- Created by: Ralph Andrews
- Presented by: Vin Scully Dick Clark
- Announcer: John Harlan Burton Richardson
- Country of origin: United States
- No. of episodes: 345 (1969–1970) 60 (1997)

Production
- Running time: 30 minutes
- Production companies: Ralph Andrews Productions (1969–1970) Mark Phillips Philms & Telephision (1997) MTM Enterprises (1997)

Original release
- Network: NBC
- Release: March 31, 1969 – July 31, 1970
- Network: The Family Channel
- Release: March 10 – May 30, 1997

= It Takes Two (game show) =

It Takes Two is a game show in which contestants gave numerical answers to questions (which usually entail stunts and/or demonstrations). The original program was created and produced by Ralph Andrews and aired on NBC from March 31, 1969, to July 31, 1970, at 10:00 AM Eastern. A second version, produced by Mark Phillips Philms & Telephision, aired on The Family Channel (now Freeform) in 1997.

Vin Scully hosted the NBC version with John Harlan as announcer and on-camera assistant. The Family Channel version was hosted by Dick Clark.

==Gameplay==

===NBC===
Three celebrity couples competed in this version. For each question, both spouses of each celebrity couple gave individual numerical answers which were averaged into their combined answer. After the celebrity couples gave their answers, a studio audience member guessed which couple was the closest. A correct answer won $100 for the audience member. By the fall of 1969, each win awarded a prize instead of cash. In 1970, audience members who won four prizes in a row also won a new car.

===The Family Channel===
Gameplay remained similar in this version with three teams each with two civilian contestants competing. Once again, both contestants on each team gave individual numerical answers to make one averaged answer. However, each question was worth money for the team who was the closest, and the second-closest team won a smaller amount of money.

| Round | Closest team | Second-closest team |
|---|---|---|
| Question #1 | $100 | $75 |
| Question #2 | $200 | $100 |
| Question #3 | $300 | $150 |
| Question #4 | $400 | $200 |
| Question #5 | $1,000 | $500 |

The second-place prize for question one was originally $50. If a two-way tie occurred, both teams received the first or second place money. If a three-way tie occurred, all three teams received the first-place money. If at any point a team member gave an exact answer they also won a prize in addition to the first place money.

The team with the most money won the game, bonus prizes and played one last question called the "Brainteaser". All teams keep their money. If two or all three teams tied for the lead they all played the "Brainteaser".
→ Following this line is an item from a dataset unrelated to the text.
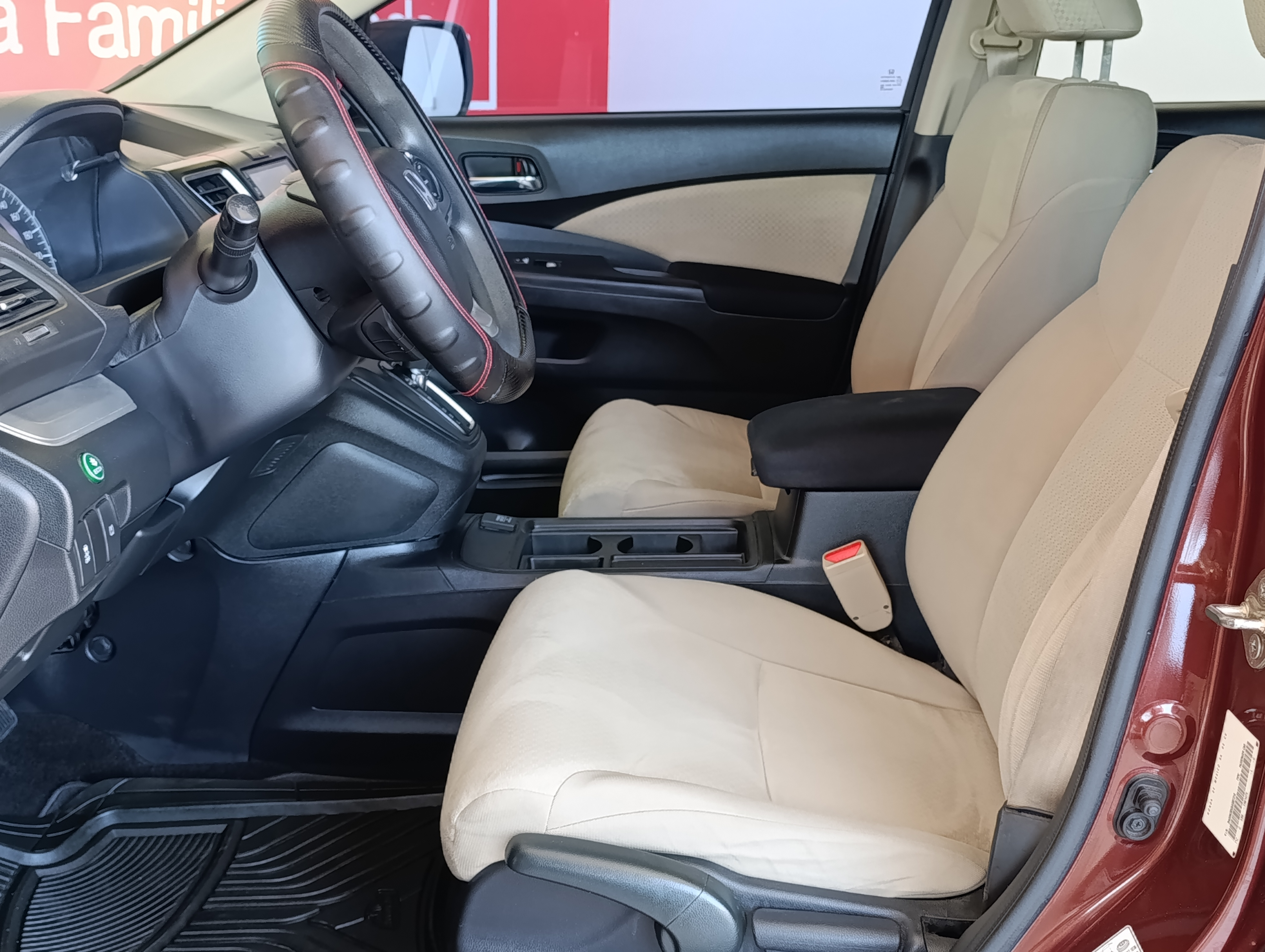 Honda CR-V Asientos 5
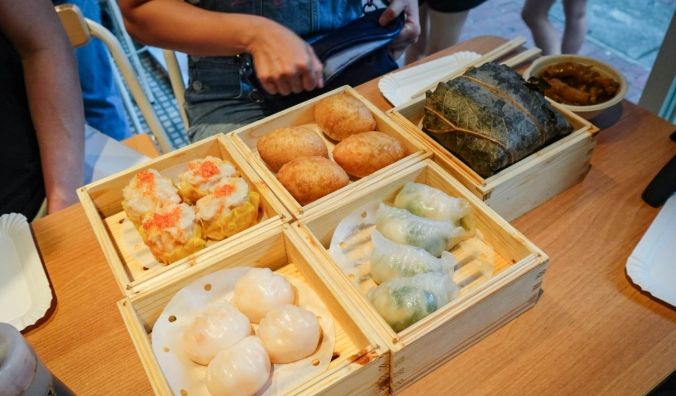 中環碼頭平價美食 中環碼頭平價美食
====Bonus round (Brainteaser)====
A question based upon an act or demonstration that was already used during the show was presented to the team and each member gave a verbal response. If the correct answer was within a predetermined range based upon the team's response, the team won a grand prize (usually a trip).

The winning range varied between episodes. At times the correct answer had to be within twenty high or low of their averaged guess. At other times the winning range had to be within the two individual guesses or within a different varied range.

====Guests====
Many episodes featured a guest celebrity that came on to either perform a task related to a question or for a question related to their work.
- Vicki Lawrence appeared on the premiere for a question on ironing.
- Christina Ferrare and Michael Burger of Home & Family appeared on the second episode for a question about Ferrare's modeling career.
- Ed McMahon, Clark's co-host on TV's Bloopers & Practical Jokes came by on the third episode for two questions: one was related to his role as Johnny Carson's sidekick, and the other was for his American Family Publishers sweepstakes.
- Rod Roddy and Janice Pennington of The Price Is Right appeared during the second week for one of the questions as well as the "Brainteaser".
- Betty White appeared for a question in the second week of the series.
- Ruta Lee of High Rollers fame stopped by to roll dice for one question based on the number of times she would be able to roll sevens or elevens during the remainder of the episode.
- Ron Pearson from Shopping Spree appeared on an episode to juggle for one of the questions.
- Bowzer from Sha Na Na appeared on an episode to play piano for two questions
- Audrey and Judy Landers appeared on an episode for a question about trees

==Broadcast history==

===NBC===
The original series replaced the Ed McMahon game show Snap Judgment and ran against reruns of The Lucy Show on CBS. Some NBC affiliates tape-delayed or preempted the show in favor of local homemaker's shows or syndicated programming, although the series ran over a full year due to its popularity. On Monday, August 3, 1970, the show was replaced by Dinah's Place, a women's talk/variety/homemaker's half-hour hosted by entertainer Dinah Shore.

===The Family Channel===
The revival ran on The Family Channel from March 10 to May 30, 1997, and was hosted by Dick Clark (who appeared on the NBC series with his wife) with Burton Richardson announcing.

The series was produced by Mark Phillips Philms & Telephision (who had the rights to the Ralph Andrews library) with Phillips serving as Executive Producer. Rich de Michele was producer while Gary Jonke was the writer and was also the last game show to premiere under The Family Channel until the network became FOX Family Channel in August 1998.